**TASK STATEMENT**
Give the entries again exactly, without pictures.

**DATASET EXCERPTS**
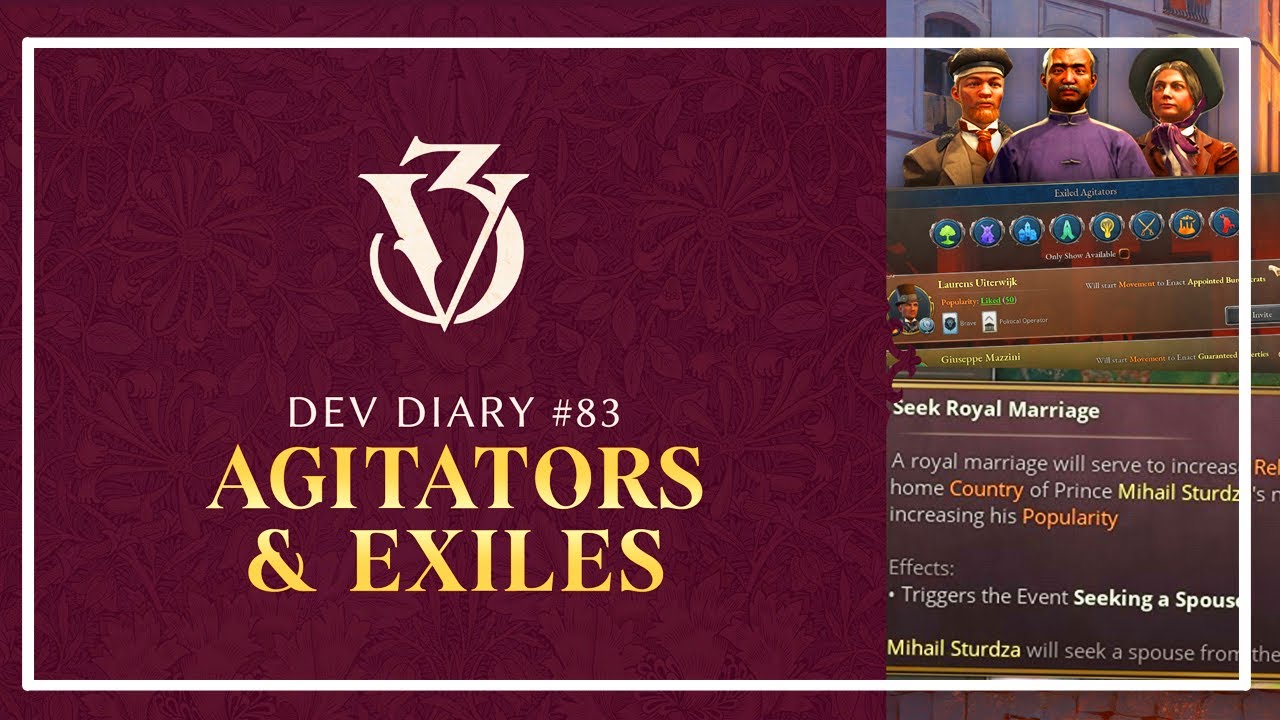 Royal Marriages, Lenin & Making Karl Marx Emperor! (V3 Dev Diary 83)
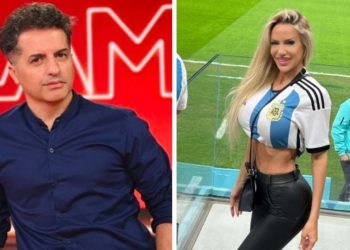 El viaje de la polémica: Ángel de Brito sacó a la luz cómo hizo Luciana Salazar para ir a Qatar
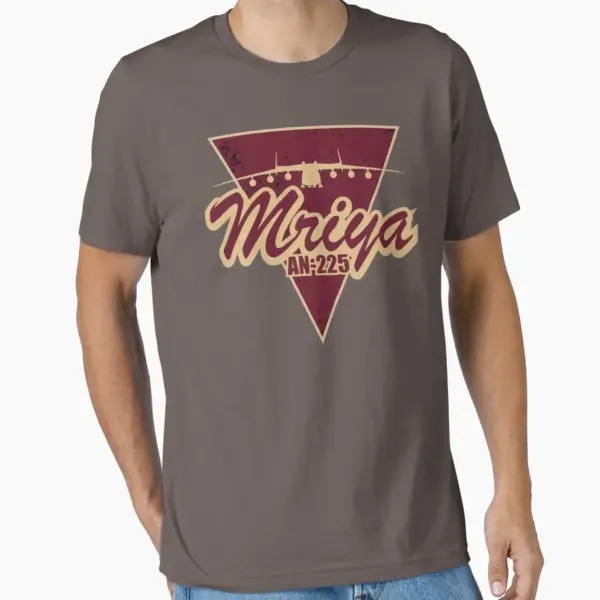 An-225 Mriya Cotton T-Shirt for Men - Image 9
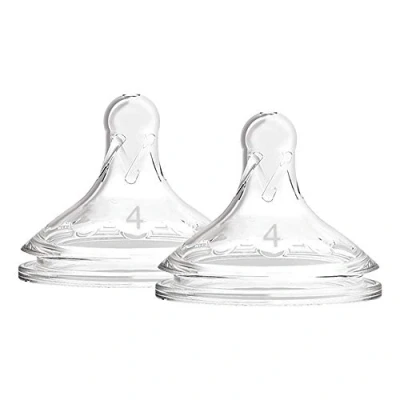 Afbeelding van Dr. Brown&#039;s Siliconen zuiger optis+ mondbreedte stand 4 +9 maanden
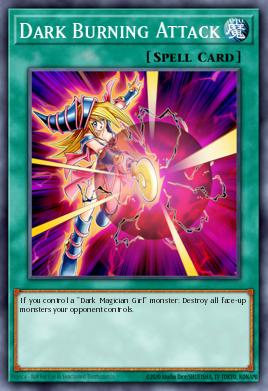 Dark Burning Attack JPM02
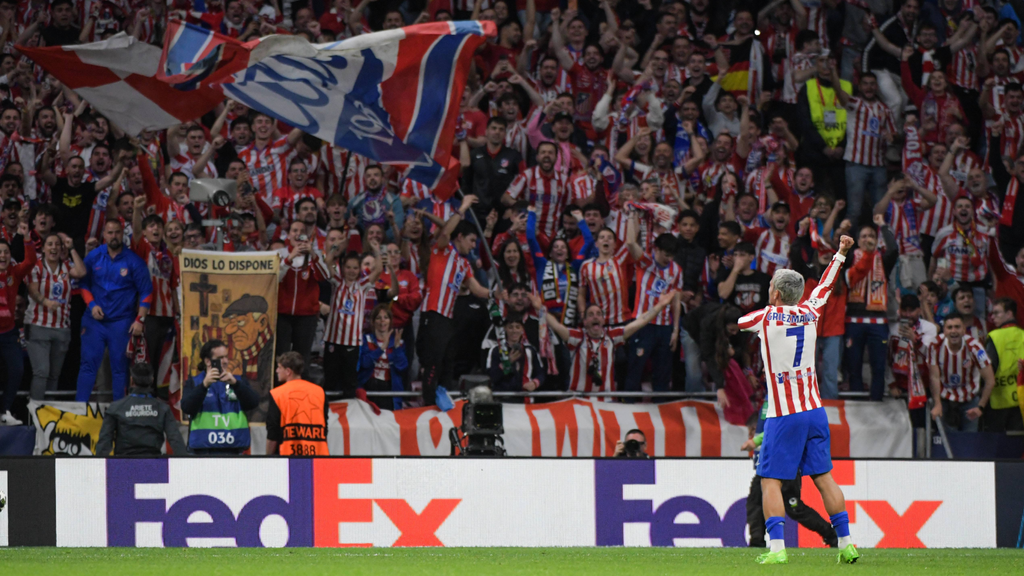 Griezmann, tras el Atleti-Barça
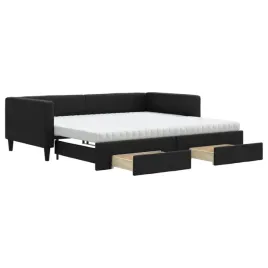 sofa-lozko-rozkladana-2-w-1-czarna-223x110x68-cm-z-szufladami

**RESPONSE BELOW**
 Royal Marriages, Lenin & Making Karl Marx Emperor! (V3 Dev Diary 83)
 El viaje de la polémica: Ángel de Brito sacó a la luz cómo hizo Luciana Salazar para ir a Qatar
 An-225 Mriya Cotton T-Shirt for Men - Image 9
 Afbeelding van Dr. Brown&#039;s Siliconen zuiger optis+ mondbreedte stand 4 +9 maanden
 Dark Burning Attack JPM02
 Griezmann, tras el Atleti-Barça
 sofa-lozko-rozkladana-2-w-1-czarna-223x110x68-cm-z-szufladami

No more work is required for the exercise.